THE DATA:

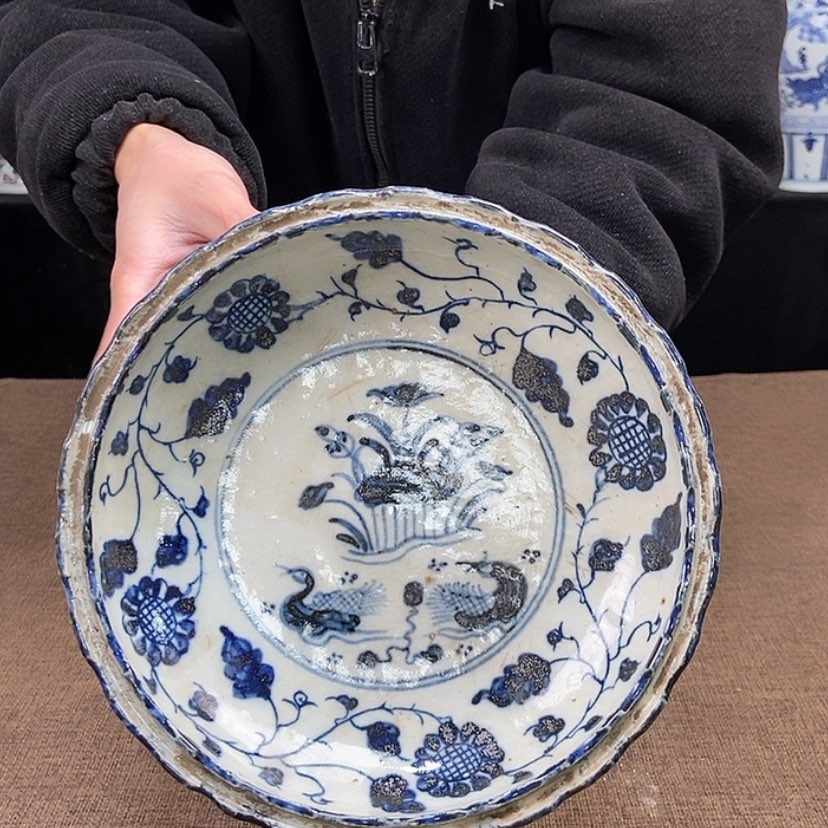 【闪购商品】瓷摆件
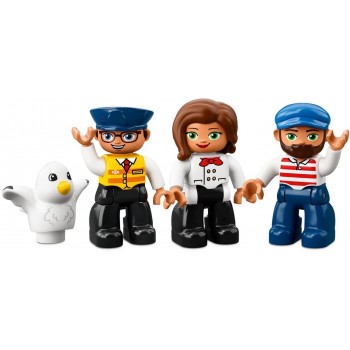 LEGO Duplo Φορτηγό Τρένο(Cargo Train) 10875 5702016117271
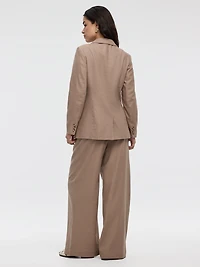 Linen Blazer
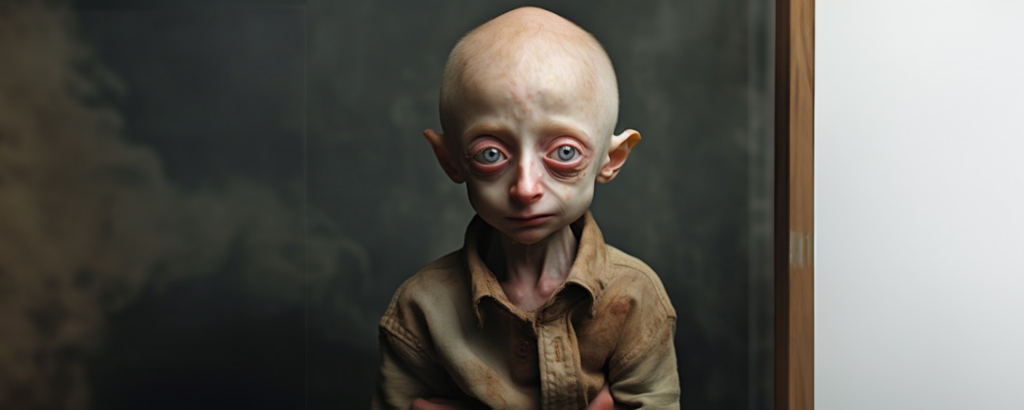 Hutchinson-Gilford Progeria Syndrome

DIRECTIONS:
Your copy should match the data exactly, apart from the images, which are dropped.

EXERCISE RESPONSE:
 【闪购商品】瓷摆件
 LEGO Duplo Φορτηγό Τρένο(Cargo Train) 10875 5702016117271
 Linen Blazer
 Hutchinson-Gilford Progeria Syndrome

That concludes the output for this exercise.